◆ SOURCE INFORMATION:
^^^^

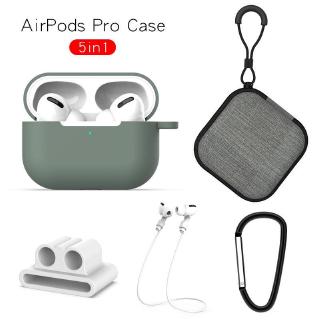 Bộ 5 sản phẩm có vỏ bọc hộp đựng tai nghe bluetooth Apple AirPods Pro 3 Generation với dây chống mất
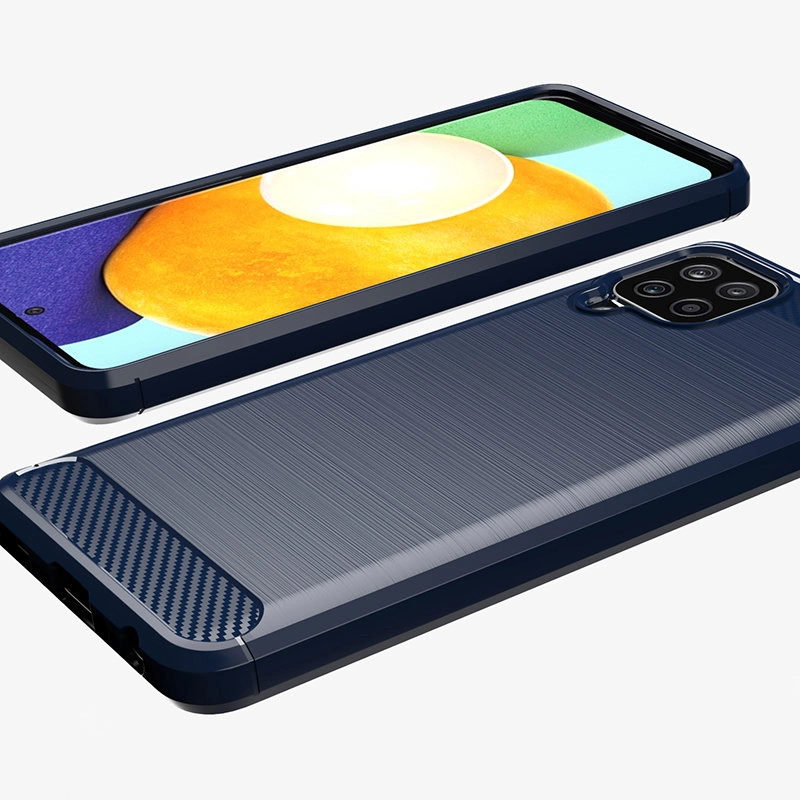 Carbon Case Flexible Cover TPU Case for Samsung Galaxy A22 4G blackeng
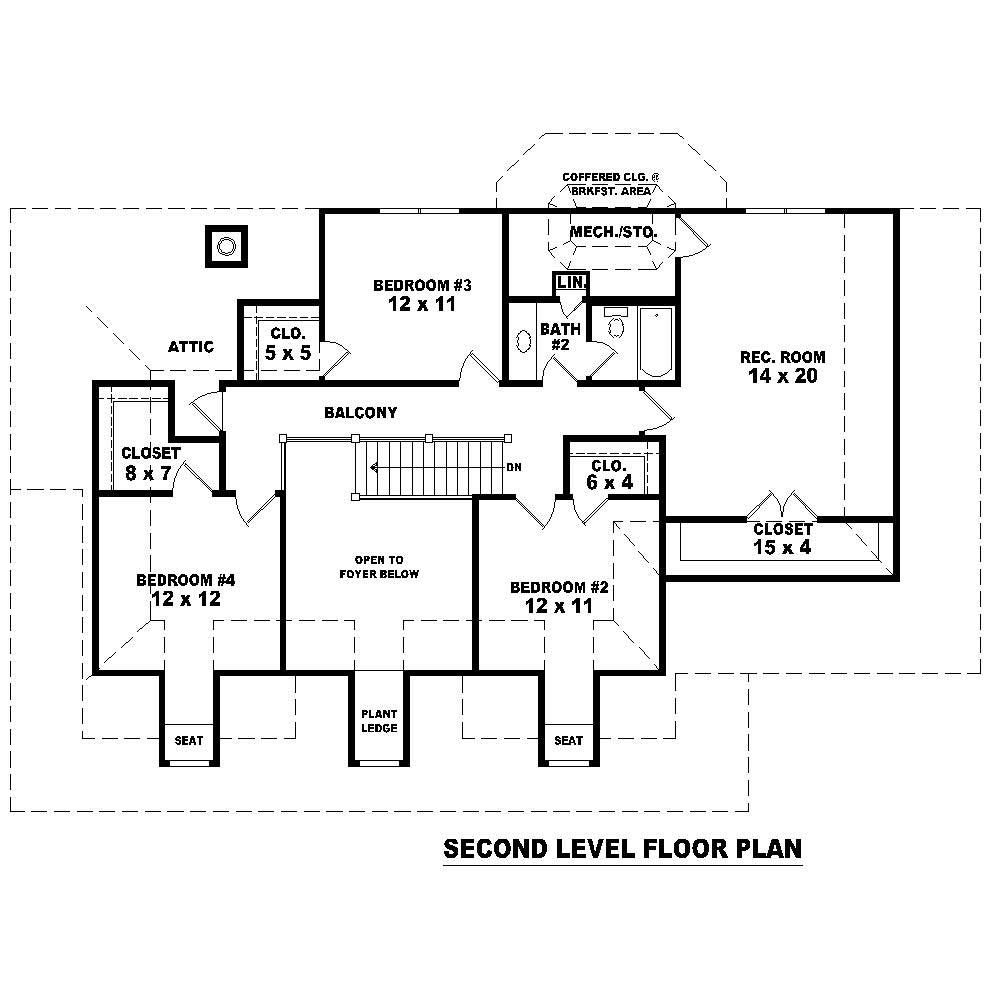 Floor Plan Second Story of Cape Cod Plan #170-1441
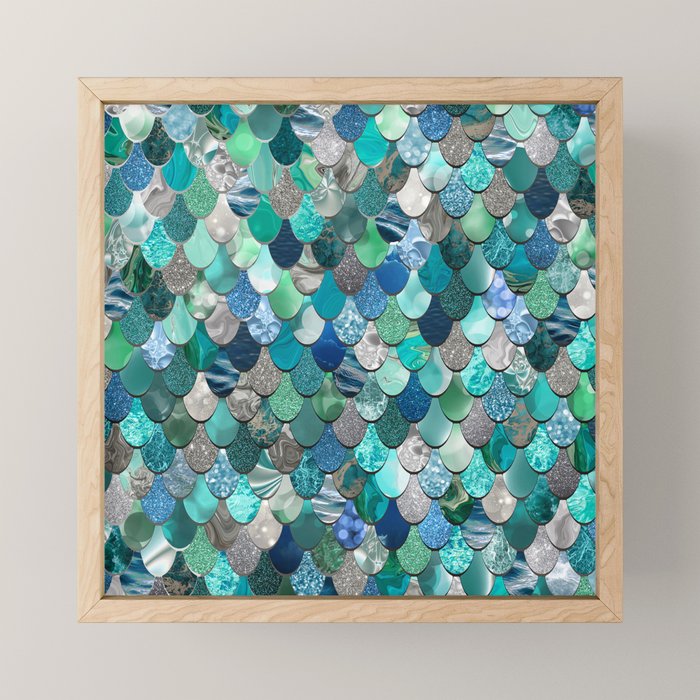 Mermaid Art, Sea,Teal, Mint, Aqua, Blue Mini Art Print Gallery Image 1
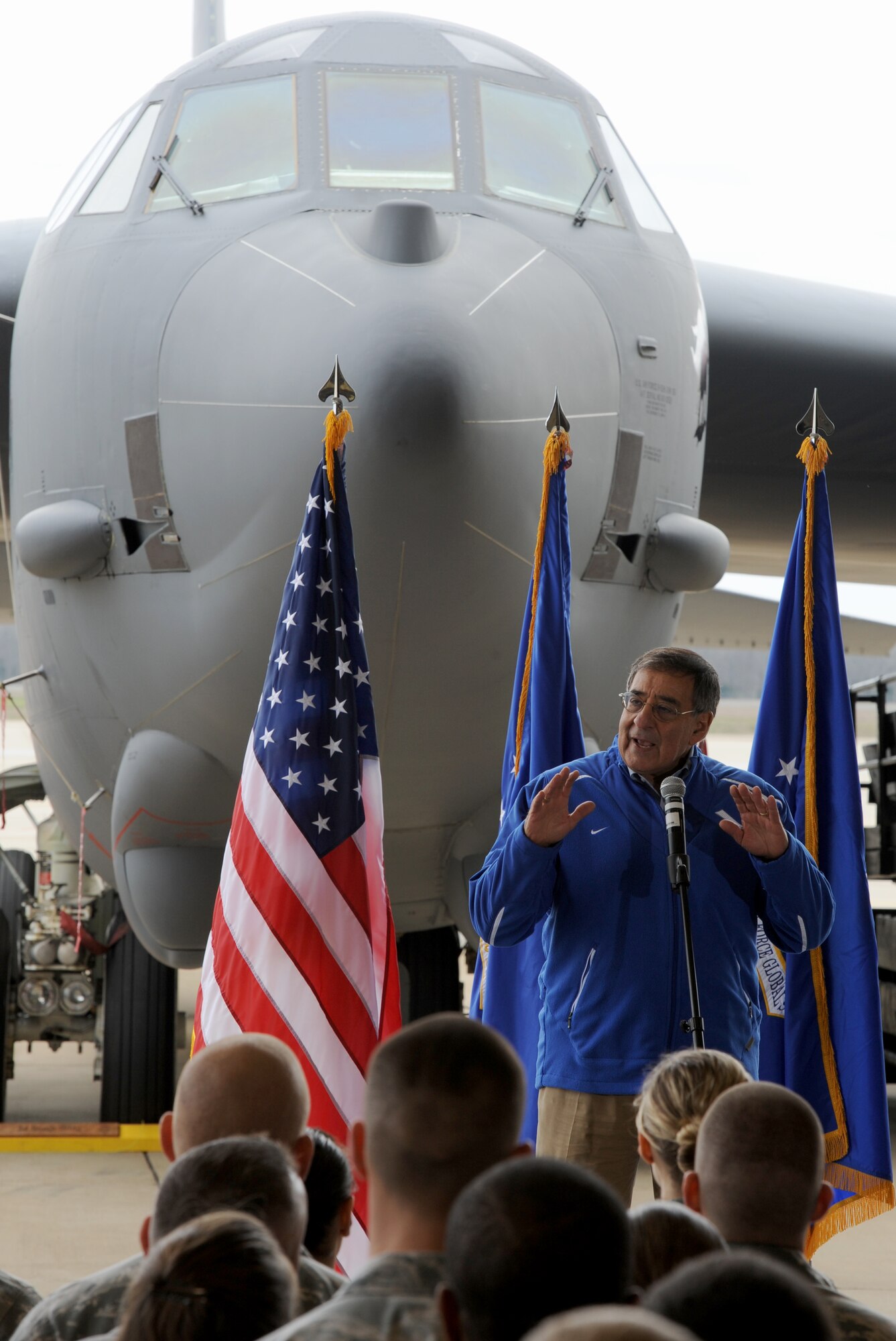 BARKSDALE AIR FORCE BASE, La. -- Secretary of Defense Leon Panetta addresses the Airmen at Barksdale Air Force Base, La. on topics concerning military strategy, defense budget and long-range strike bombers and thanked them for their service to the nation, Feb. 17.  During his visit to the base Secretary Panetta also officiated reenlistments, presented medals and coins, held a town hall meeting and met with Headquarters Air Force Global Strike Command for briefings on global strike capabilities.  (U.S. Air Force Photo/Master Sgt. Corey A. Clements)(Released)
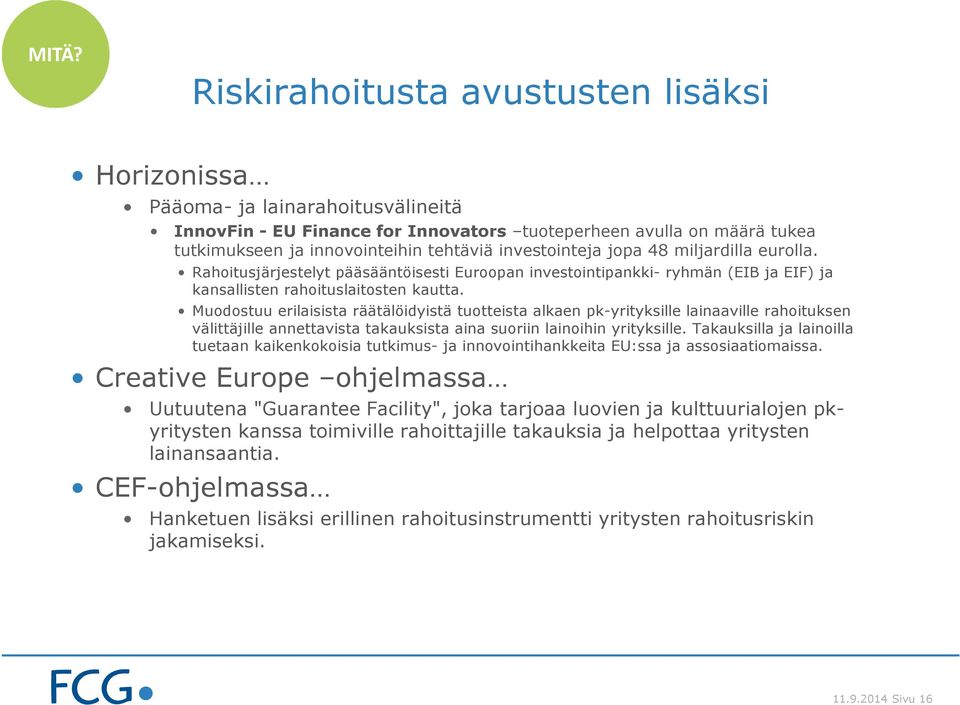 Muodostuu erilaisista räätälöidyistä tuotteista alkaen pk-yrityksille lainaaville rahoituksen välittäjille annettavista takauksista aina suoriin lainoihin yrityksille.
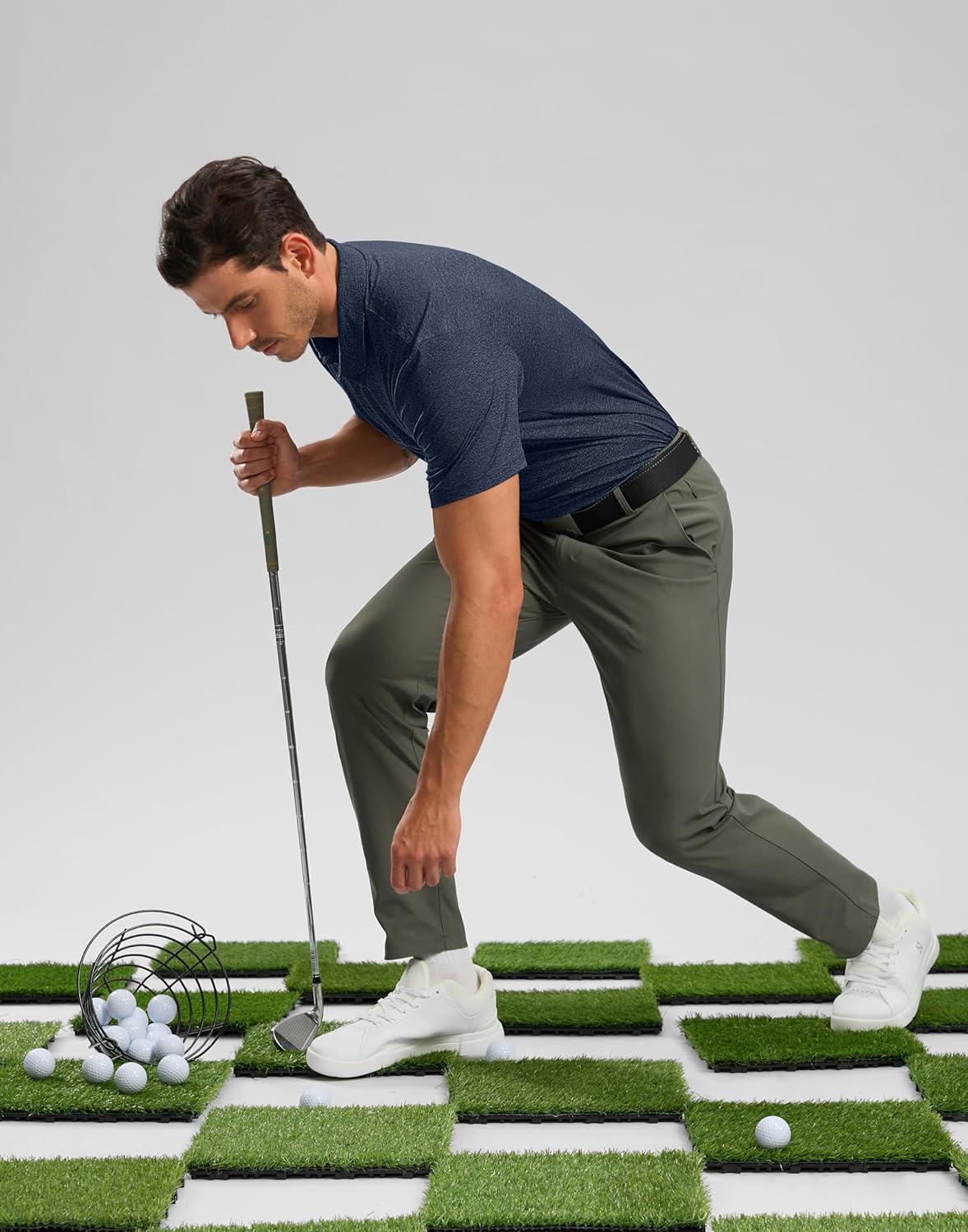 imageGolf Shirts Heather Polo Short Sleeve Dry Fit Lightweight Moisture Wicking Collared Shirts Casual Athletic BusinessNavy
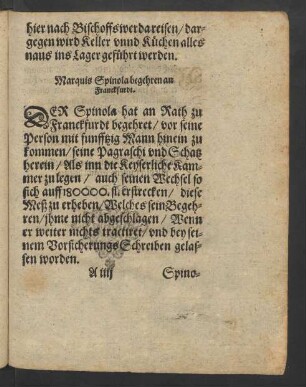 Marquis Spinola begehren an Franckfurdt.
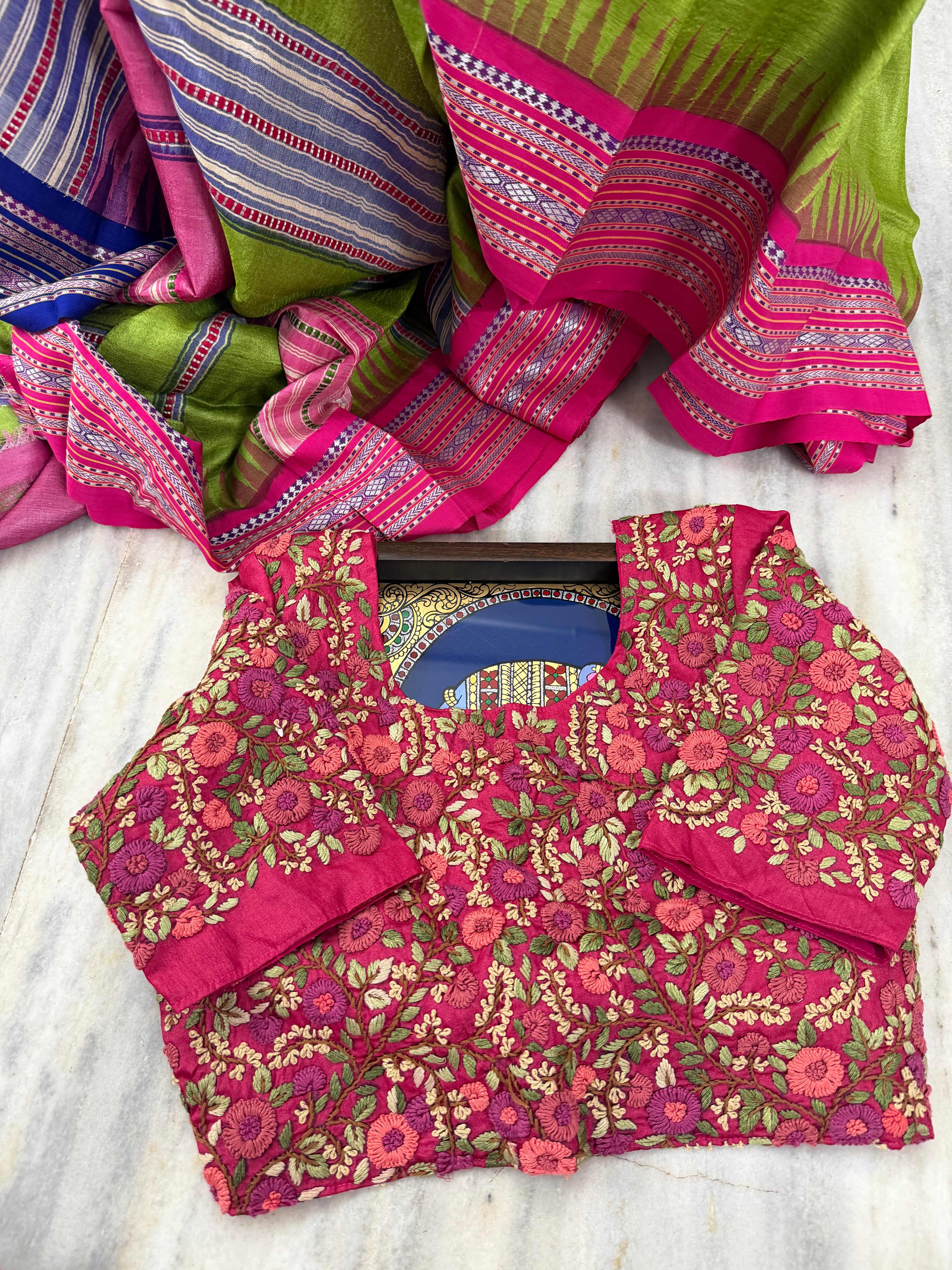 Handcrafted Ready to Wear Blouse - French Knot Embroidery (Hot Pink)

^^^^

◆ DIRECTIONS FOR THIS TASK: Could you reproduce exactly, and only, the lines from the start of the records through the line containing "Mermaid Art, Sea,Teal, Mint, Aqua, Blue", leaving out the pictures?

◆ EXERCISE RESPONSE:
 Bộ 5 sản phẩm có vỏ bọc hộp đựng tai nghe bluetooth Apple AirPods Pro 3 Generation với dây chống mất
 Carbon Case Flexible Cover TPU Case for Samsung Galaxy A22 4G blackeng
 Floor Plan Second Story of Cape Cod Plan #170-1441
 Mermaid Art, Sea,Teal, Mint, Aqua, Blue Mini Art Print Gallery Image 1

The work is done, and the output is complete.